Businesses need to turn down the music

Are there any local businesses that do not have rock music blaring?

We hear it at Ralphs, Rite-Aid, Kmart, PetSmart, Payless Shoes, IHOP, Shakey's, Taco Bell, Pinkberry, Chase bank, Hometown Buffet and many other stores. Often we have to ask the manager to turn it down because it is so loud.

Do business owners think that their customers' shopping and dining experience is enhanced by them being forced to hear loud rock music? Think again.

Steve and Teri Thompson

La Crescenta

Prop. 13 should be modified, not scrapped

We bought in 1986 so our property taxes aren’t as low as Gerry Rankin’s, but we share his concern for fair play (“Past Brown-era tax law is not sacrosanct,” Feb. 13).

We really don’t need to scrap Proposition 13 in its entirety to save California’s schools and infrastructure; we need only split corporate-owned property from that owned by individuals. The unintended consequence of the 1978 initiative is that corporate-owned property is now assessed at roughly 60% of its value.

Corporations rarely die, especially those set up specifically to own property. Humans do not live nearly as long, plus they move around a lot more. Because each new owner has a new assessment, individually owned homes eventually are assessed at current value. Giant corporations continue to enjoy the benefits of doing business in a society paid for by younger families like Rankin’s neighbors.

Urge your representatives in Sacramento to modify Proposition 13 to require corporate-owned property to be reassessed every five or seven years or so. Meanwhile, you can donate to local nonprofits what you would pay in property taxes if your home were reassessed each year.

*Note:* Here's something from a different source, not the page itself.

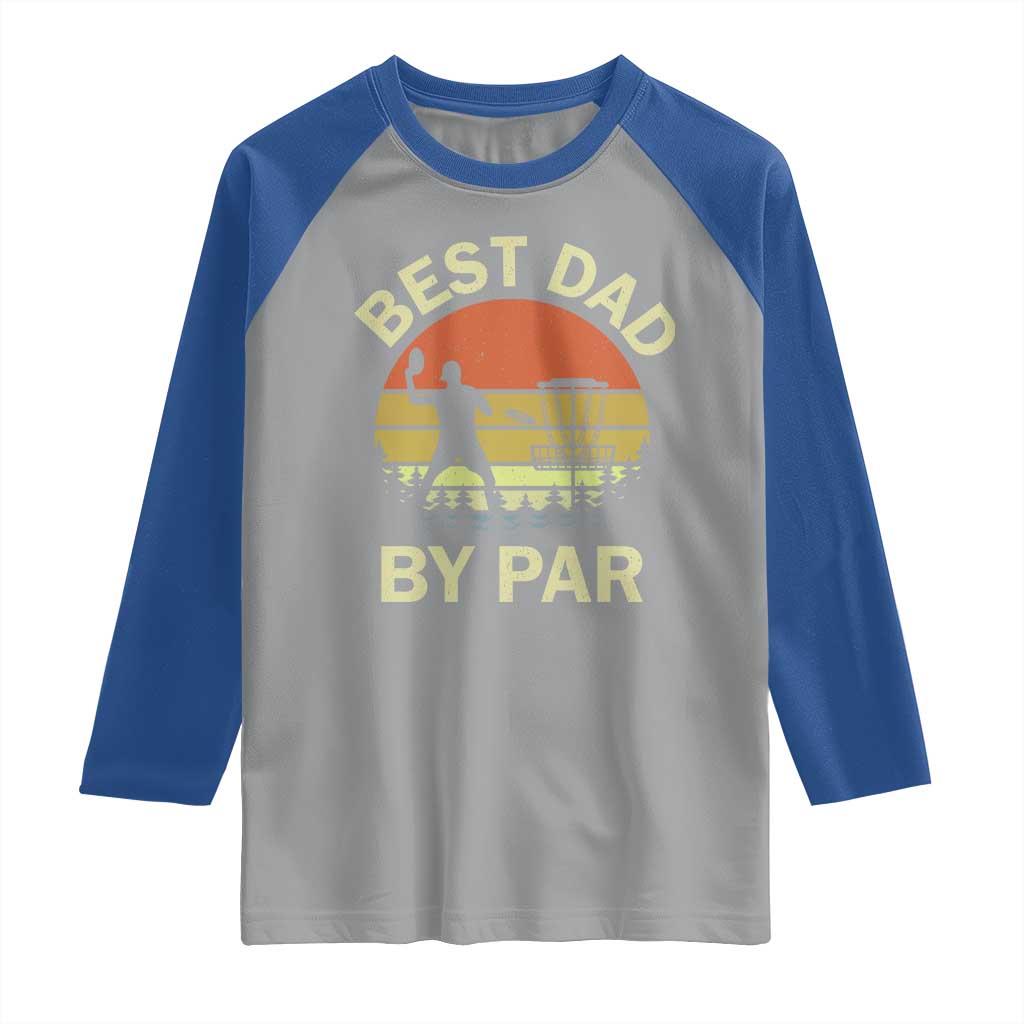 Best Dad By Par Disc Golf Raglan Shirt American Camouflage FlaG TS10 Sport Gray Royal Print Your Wear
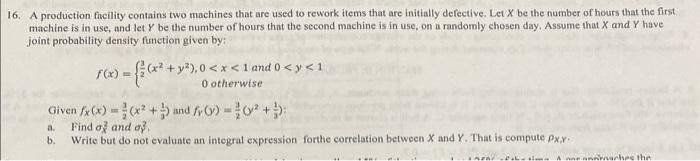 A production ficility contains two machines that are used to rework items that are initially defective. Let \( X \) be the nu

If you don’t have the extra cash, you can volunteer your time. Property taxes used to support our schools, so the Glendale Educational Foundation is a good choice.

Sharon Weisman


Kimber’s column on elections rang true

Thanks to Dan Kimber for his column regarding elections that focus on issues (“Education Matters: Socrates could clean up dirty elections,” Feb. 17).

Kimber satisfied his own “test of three”: His words were true, they were good, and they were useful.